Spiderwebs seem to be in the news, or at least seem to be a featured addition on NPR these days. Last night I heard a story about the massive spiderweb being created at the Lake Tawonki State Park in Texas.
Scientists believe this massive web (at last check it was close to 200 yds in length!) to be the work of a Southeastern Social Cobweb Spiders. As the report goes, this is a community of spiders that work together to weave these extraordinary webs. Perhaps not the largest social cobweb spiderweb on record (the last recorded web of this magnitude was reported in British Columbia and went on for 60 acres ), as you can see below the growing web in Texas is indeed an impressive accomplishment for these wee intrepid beasties.

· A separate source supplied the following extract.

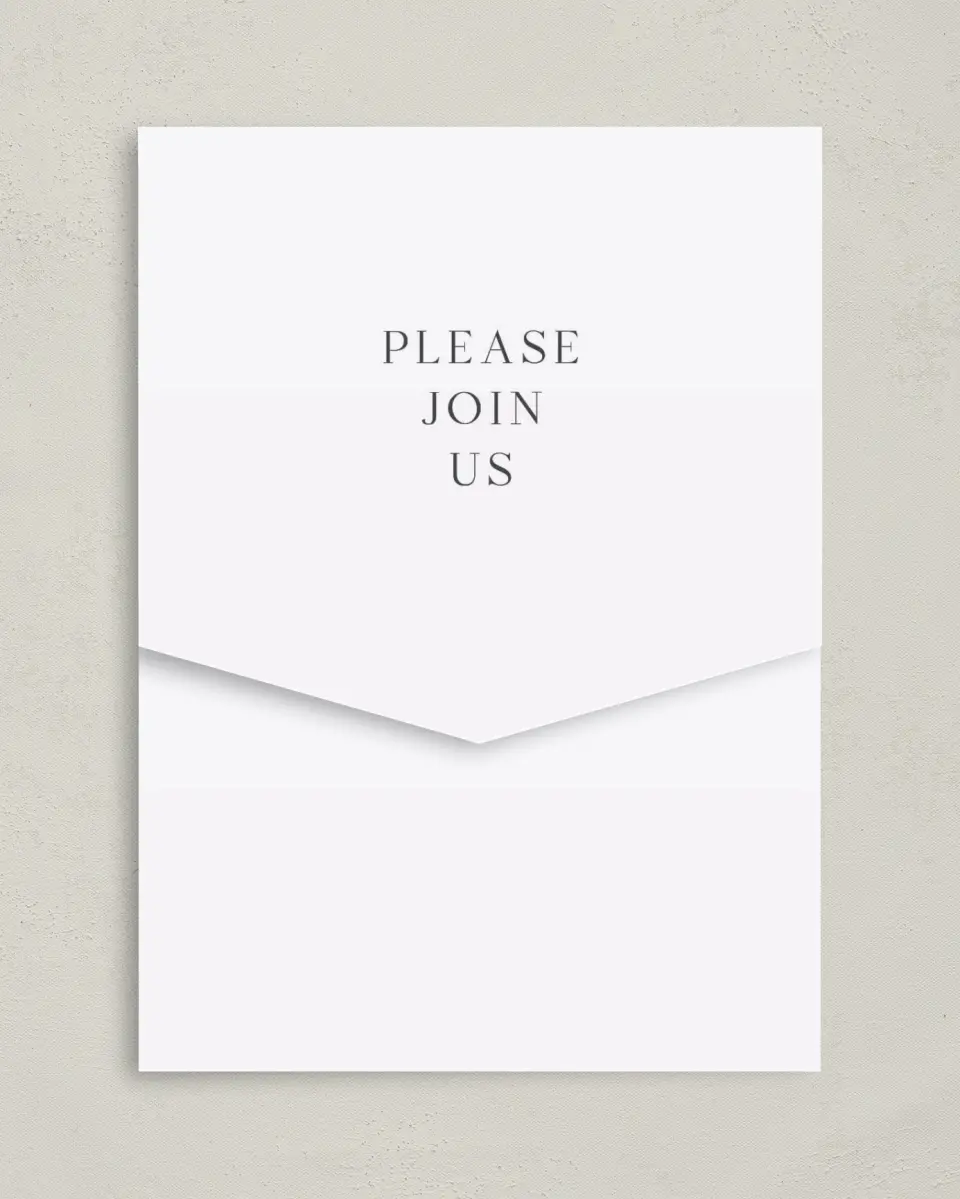 This is a 5¼" x 7¼" Folded Pocket Wedding Invitation called Leaves of Love printed in full color on Premium Smooth paper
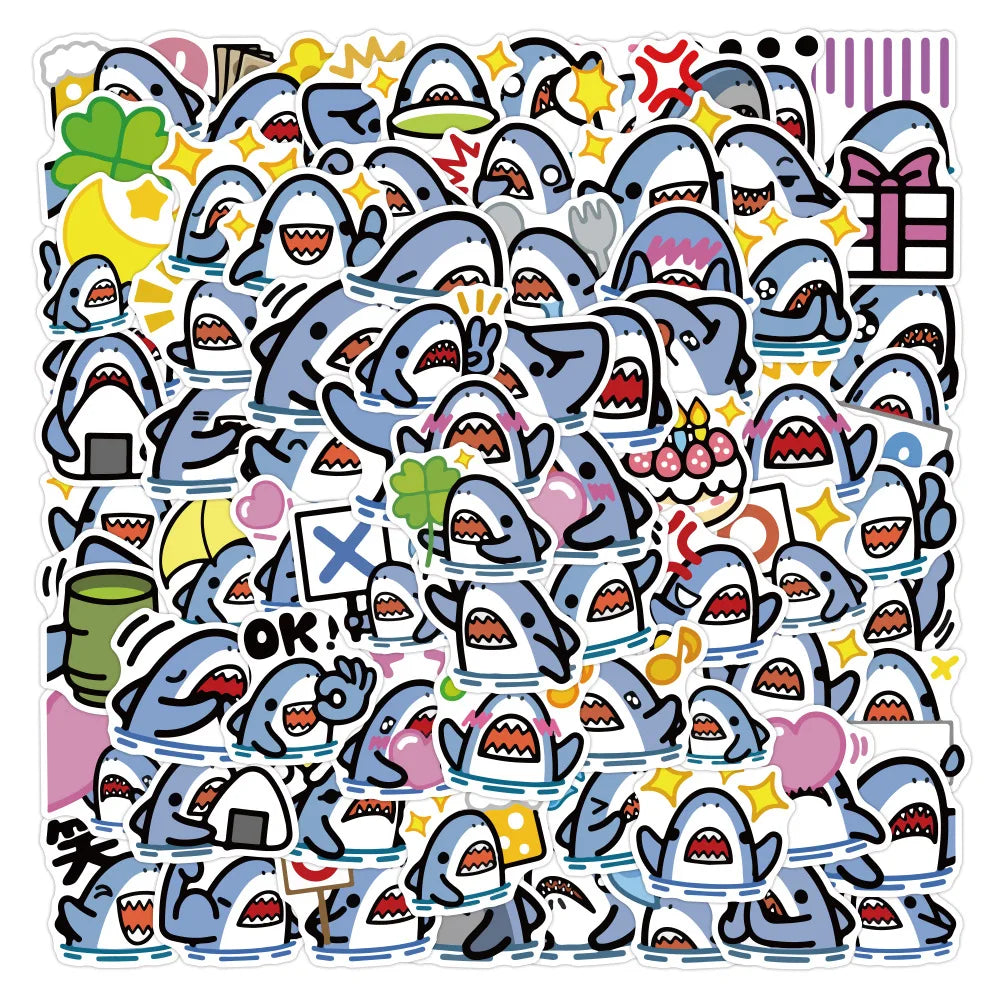 Cute Shark Stickers Pack: Laptop, Phone, Water Bottle, Waterproof Decals (Online Order Only)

While things are –always– bigger in Texas, yup, yes we know, I thought this image to be a fitting metaphor for the commencement of yet another academic year and semester here. As we in our Center try to weave connections between teaching, language learning, and technology we also hope that we can send out tendrils to catch other disciplines and teachers and learners in our school and outside of our school who can help our language faculty enrich and sustain their respective and collective curriculum.
Avoiding for the moment the spider and the fly analogy (we wish neither to trap nor to eat our faculty, thank you, but rather to connect the webs they weave to others), I am reminded of the Ethiopian proverb (also heard on NPR this week!) that says: “When spiderwebs unite, they could tie up a lion”
Hmmmm… How many lions will our collective and connective social webs ensnare this year?